Unique moment d’intimité avec Marie Uguay

par | 25 février 2019

Le Centre du Théâtre d’Aujourd’hui célèbre cette année sa 50e saison et pour l’occasion, le directeur Sylvain Bélanger a confié l’organisation de quatre soirées intitulées « Aujourd’hui, je passe à l’Histoire! » à quatre artistes différents en leur donnant carte blanche.

C’est la comédienne Sophie Cadieux qui a hérité de la troisième soirée, et elle a décidé de la dédier à la poétesse Marie Uguay décédée il y a 38 ans.
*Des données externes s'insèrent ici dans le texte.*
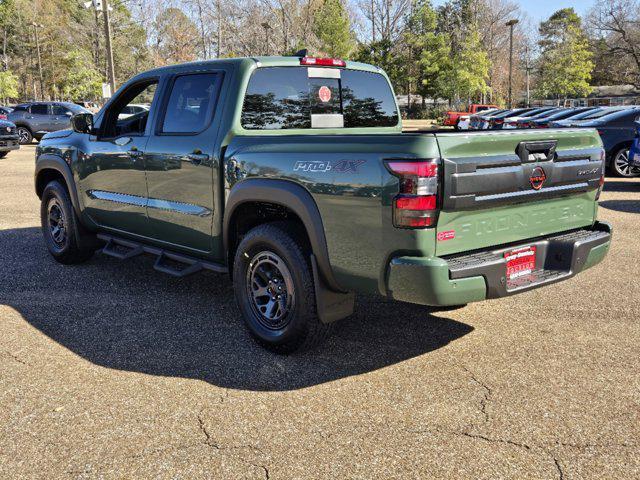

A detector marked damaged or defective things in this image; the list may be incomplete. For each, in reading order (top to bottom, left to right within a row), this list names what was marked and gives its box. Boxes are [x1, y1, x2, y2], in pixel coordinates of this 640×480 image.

cracked pavement [0, 145, 636, 476]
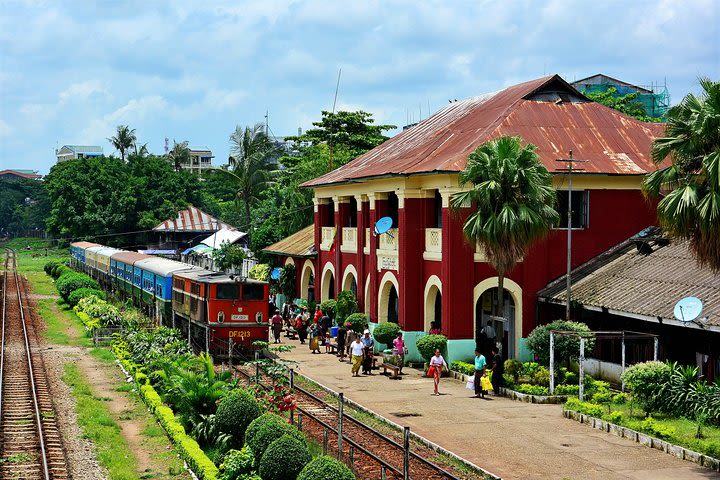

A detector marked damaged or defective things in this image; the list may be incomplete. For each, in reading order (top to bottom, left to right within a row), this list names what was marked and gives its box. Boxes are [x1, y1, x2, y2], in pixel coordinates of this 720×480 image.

rusty tin roof [300, 74, 668, 188]
rusty tin roof [153, 204, 235, 232]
Elle a expliqué son choix en soulignant que la parole des femmes avait été et est toujours négligée dans l’Histoire de l’humanité, et que la poésie de Marie Uguay, qui a profondément marqué son propre rapport à la poésie et à l’écriture, était souvent oubliée lorsque l’on évoquait les grands poètes du Québec.
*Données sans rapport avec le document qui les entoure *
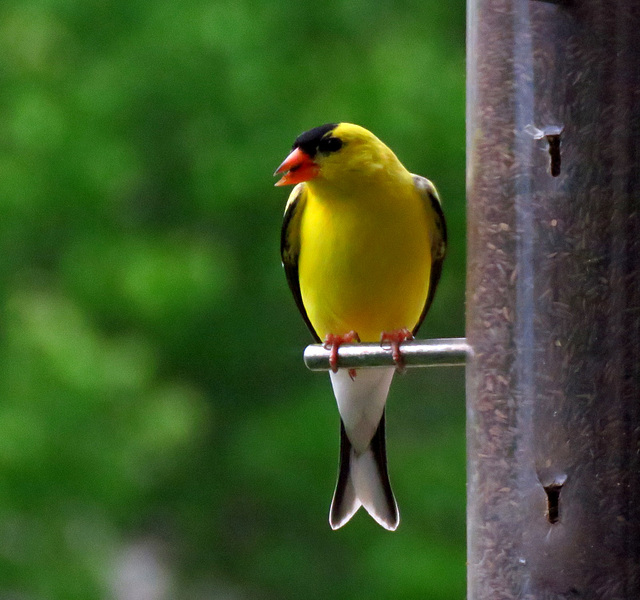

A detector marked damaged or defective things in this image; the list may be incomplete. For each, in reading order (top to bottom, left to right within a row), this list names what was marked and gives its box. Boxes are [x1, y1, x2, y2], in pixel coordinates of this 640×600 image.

rusty metal surface [464, 2, 640, 596]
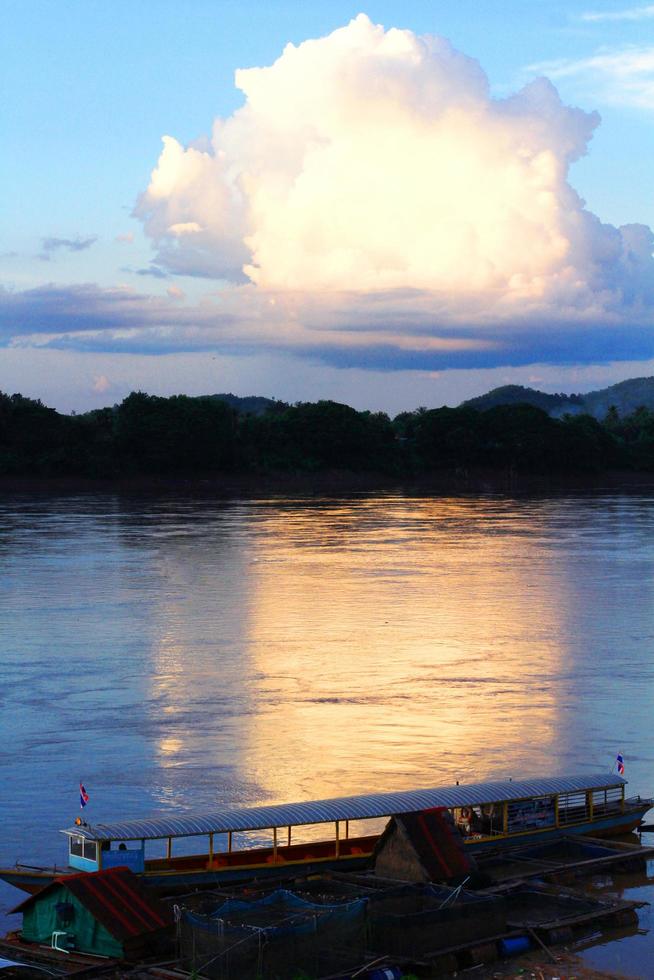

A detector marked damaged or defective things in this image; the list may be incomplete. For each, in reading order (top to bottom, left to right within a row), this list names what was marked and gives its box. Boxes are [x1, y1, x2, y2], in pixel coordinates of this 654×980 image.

Pour cet événement unique, Cadieux a fait appel au duo mère-fille composé des comédiennes Sylvie Léonard et Camille Léonard. Les deux femmes, de par leur proximité avec Marie Uguay – les mères de Marie Uguay et de Sylvie Léonard étaient soeurs jumelles – ont pu ouvrir pour les gens présents une fenêtre sur l’intimité de l’écrivaine en partageant leurs souvenirs d’elle.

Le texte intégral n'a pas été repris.